* WORK TASK
Repeat exactly the lines of the material below that run from the "Học sinh, lớp học, vui vẻ 2" line to the "Elegant Black Lace Dress" line, including both, and do not carry over any pictures.

* DATA FOR THIS EXERCISE
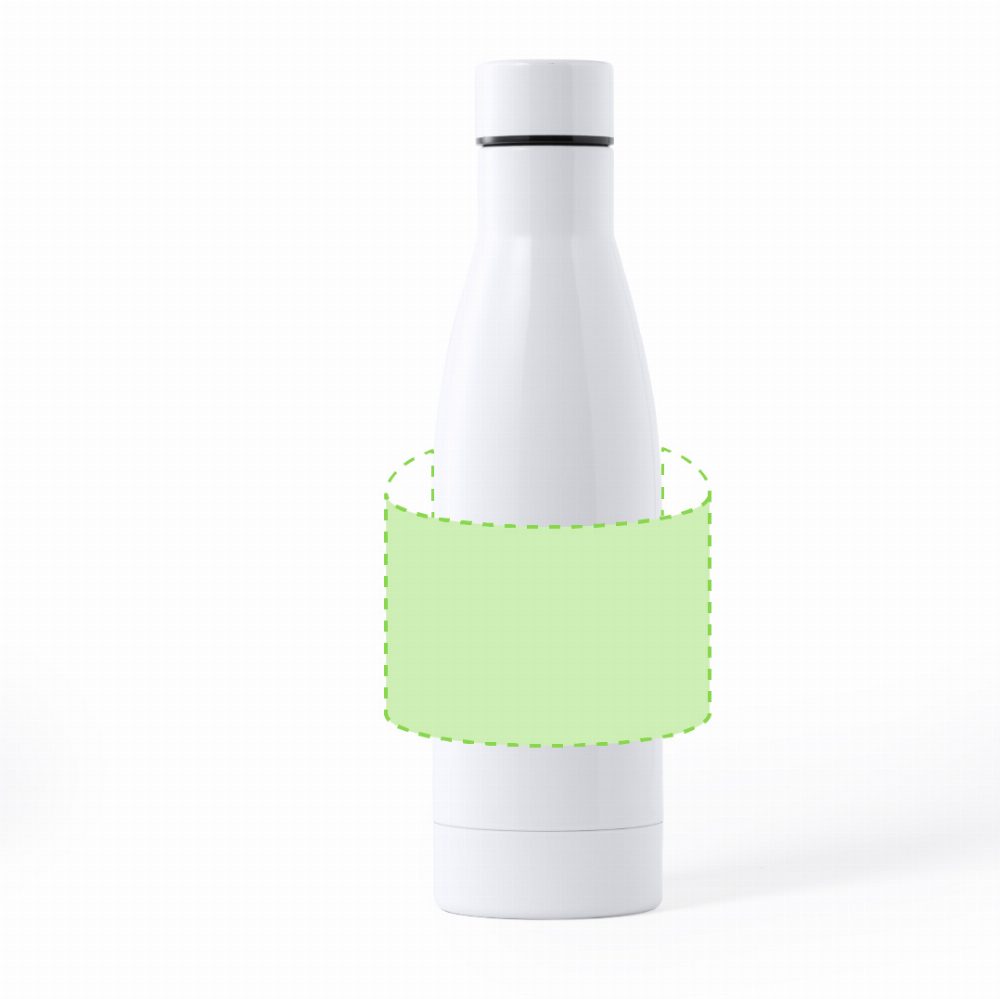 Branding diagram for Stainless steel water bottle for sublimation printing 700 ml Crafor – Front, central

==

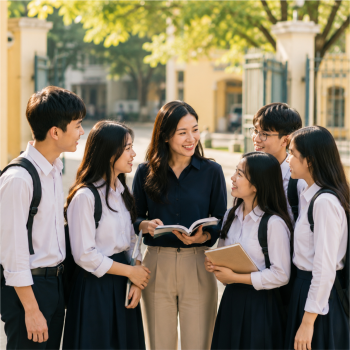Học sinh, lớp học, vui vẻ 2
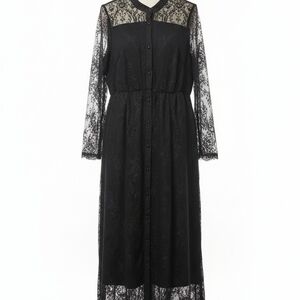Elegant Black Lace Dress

* PROBLEM SOLUTION
Học sinh, lớp học, vui vẻ 2
Elegant Black Lace Dress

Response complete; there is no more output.